Впервые я столкнулась со сказками, отвечающими на вопросы «почему?» и «с каких пор?», четверть века назад, когда ездила в Западное Полесье собирать материал для диссертации, ставшей потом и книгой, об антропологии женского тела. Меня озадачили первые услышанные сказки «Почему у женщины нет свободного времени?» [Кабакова 2001: 221–222] и «Почему цыгану позволено воровать?», поскольку мне был не совсем ясен их жанр. К тому же до этого мне не приходилось читать их опубликованные версии. Потом я вспомнила, что собственно с этиологического сюжета и началось мое участие в полесских экспедициях под руководством академика Никиты Ильича Толстого. Все мы старались записать «Мужа-ужа», который кончался появлением на свет кукушки и еще какой-нибудь птицы. Когда я заинтересовалась этими сказками и легендами о происхождении всего на свете, выяснилось, что они образуют целый пласт фольклорной прозы, который практически не попадал в поле зрения исследователей. Эти этиологические тексты рассказывают в разных регистрах – от серьезно-мифологического до анекдотического и даже похабного – о возникновении и изменении мира и человека в целом, отдельных предметов и явлений. Практически на любой вопрос «почему?» фольклорная традиция предлагает свой ответ.
Составив корпусы восточнославянских и цыганских этиологий, я обратилась к западноевропейским традициям, французской и итальянской.

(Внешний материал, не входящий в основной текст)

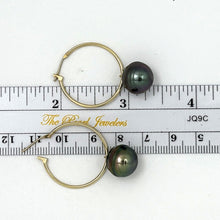 Load image into Gallery viewer, 1T00592B IRIDESCENT TAHITIAN PEARL 14KT GOLD 25MM HOOP DANGLE EARRINGS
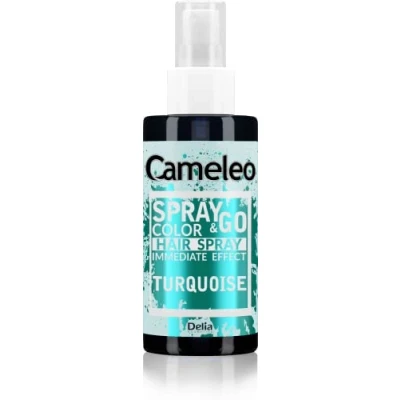Abbildung von Cameleo Spray &amp; Go Farbspray für die Haare Türkis blondes, platinblondes graues Haar einfach sprühen fertig semi permanent sofortiges Ergebnis Karneval Haarfarbe 150 ml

Интересно, что первые консультации с моими западными коллегами должны были охладить мой пыл: они уверяли меня, что подобного рода объяснительные сказки, часто с участием сакральных героев, даже если и существовали некогда, должны были исчезнуть под влиянием единого дискурса католической церкви. Выяснилось, однако, что и в католических странах этиологических сказаний было собрано ничуть не меньше, а многие сюжеты были распространены по всей Европе. Так я стала собирать, переводить и издавать антологии этиологической прозы. Естественным образом меня заинтересовал сам феномен этиологического текста, который может относиться к самым разным жанрам: волшебной и религиозной сказке, сказке о животных, легенде, анекдоту, балладе. Я стала изучать его взаимоотношения с апокрифической традицией «народной Библии» и литературными первоисточниками. Меня привлекли наиболее популярные этиологические сюжеты у восточных славян и прибалтов («Змея-жених») или в целом в Европе («Пересмотр продолжительности человеческой жизни и жизни животных», «Разные дети Евы», «Распределение судеб и даров», «Разные сказки со звукоподражанием пению птиц»). В других главах я рассматриваю луну, чужестранца, тело, гендерное неравенство в свете этиологий. А развитие некоторых мотивов, как, например, речь растений, животных и разных предметов, я прослеживаю и за пределами этиологического корпуса.
Вторая часть книги целиком посвящена русской и в целом восточнославянской традиции. Мне было важно определить особенности русского этиологического корпуса, выделить в нем сюжеты и темы специфические и имеющие параллели в других традициях, архаические и актуальные. Отдельный очерк посвящен этиологии Бабы-яги, самого характерного персонажа русской сказки, которая связывает устную традицию с лубком.
В конце книги я обращаюсь к судьбе сказки в советской России, попыткам перенести ее в кино и приспособить к задачам пропаганды, идеологической борьбы и воспитания молодого поколения.